_TASK OBJECTIVE_
Everything from the line that holds "Прикрепленное изображение: obl.jpg" through the end of the records below is to be transcribed exactly, except the pictures.

(ENTRIES SHOWN)

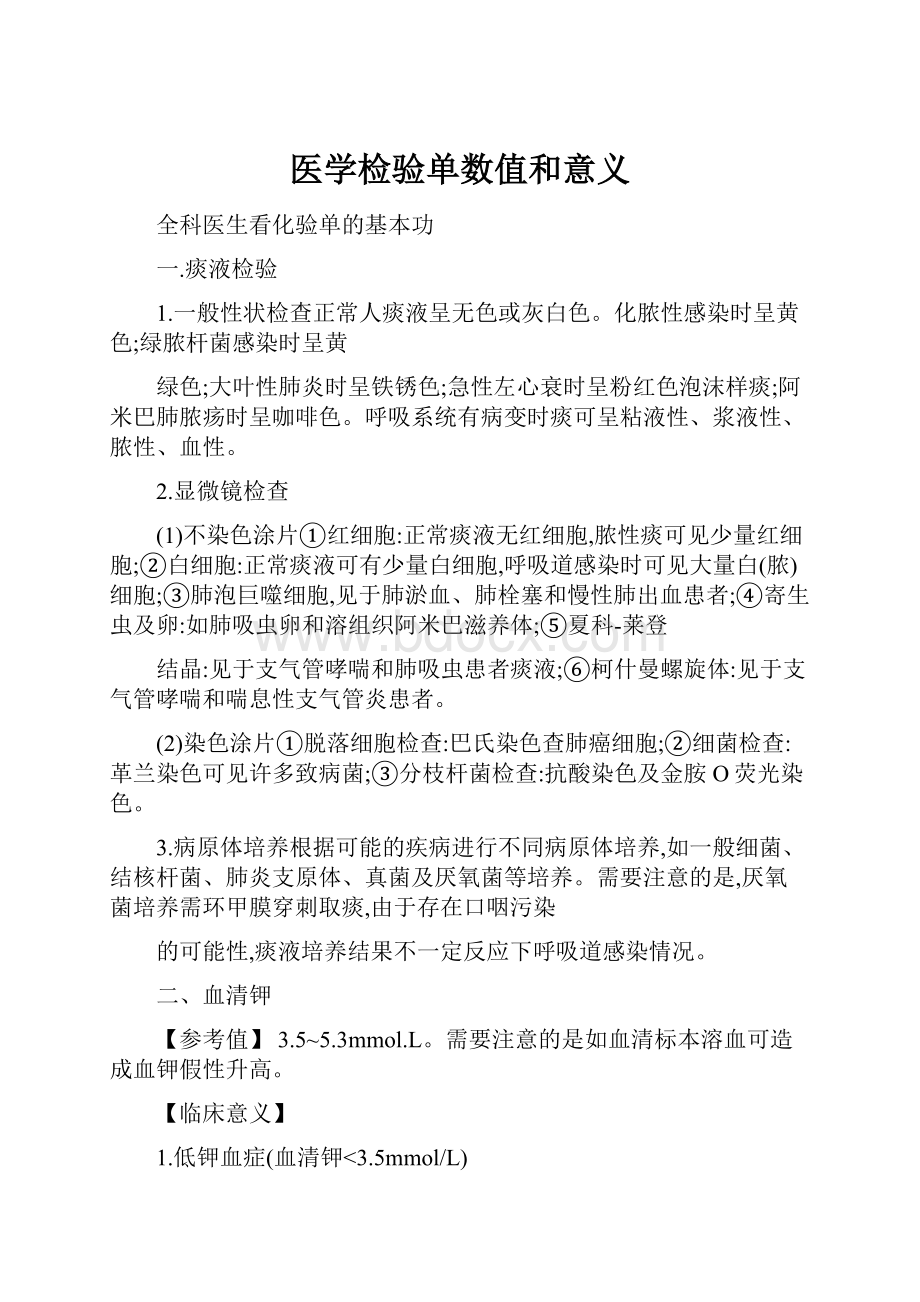 医学检验单数值和意义.docx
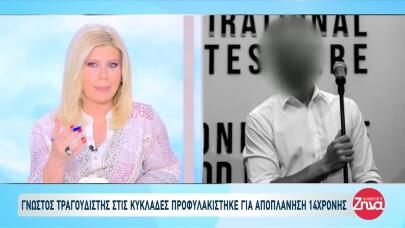 Η Ανάρτηση Του Τραγουδιστή Πριν Προφυλακιστεί Για Αποπλάνηση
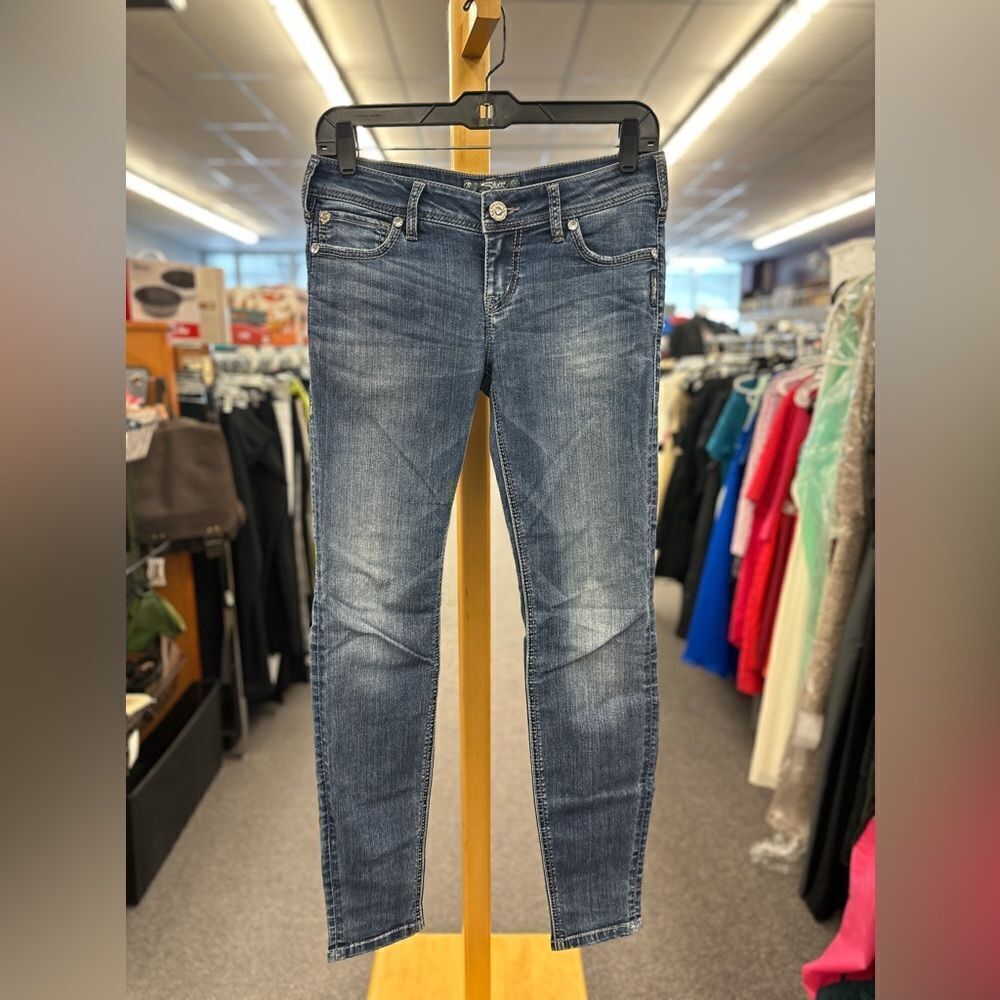 🛍️ Silver Ladies 28x29 Skinny Jeans November Jegging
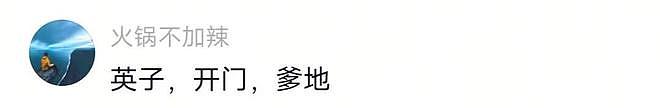 不装了！25岁“京圈公主”李庚希非主流造型曝光，染红发穿黑丝（组图） - 26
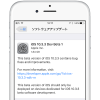 Apple、iOS 10.3.3 beta 1を開発者向けリリース。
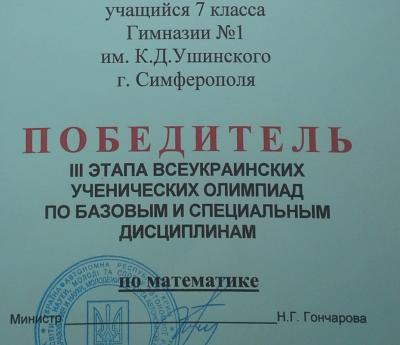 Прикрепленное изображение: obl.jpg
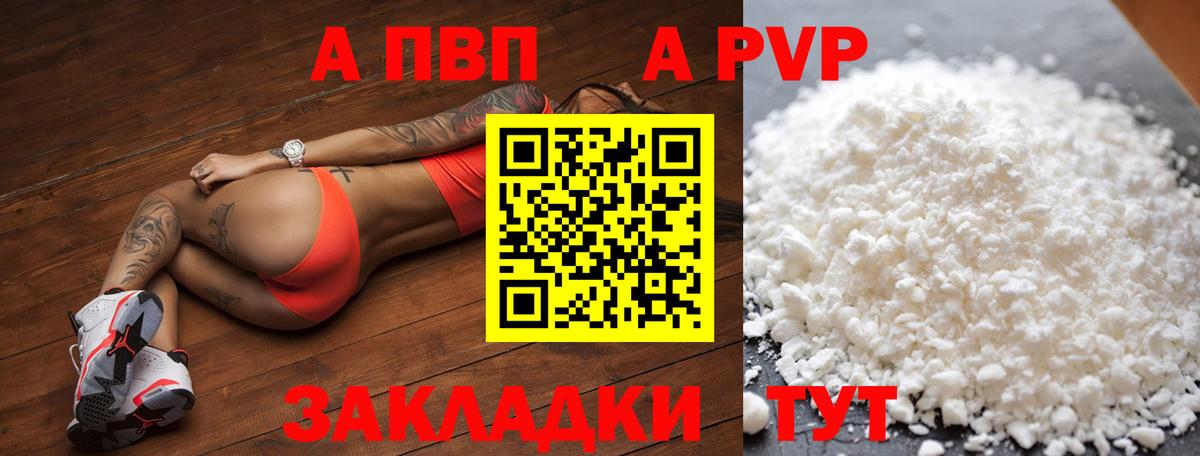APVP Crystall  Alfa_PVP СК КРИС  Бийск  Вход с VPN  APVP СК КРИС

(End ENTRIES SHOWN)

_WRITTEN RESPONSE_
 Прикрепленное изображение: obl.jpg
APVP Crystall  Alfa_PVP СК КРИС  Бийск  Вход с VPN  APVP СК КРИС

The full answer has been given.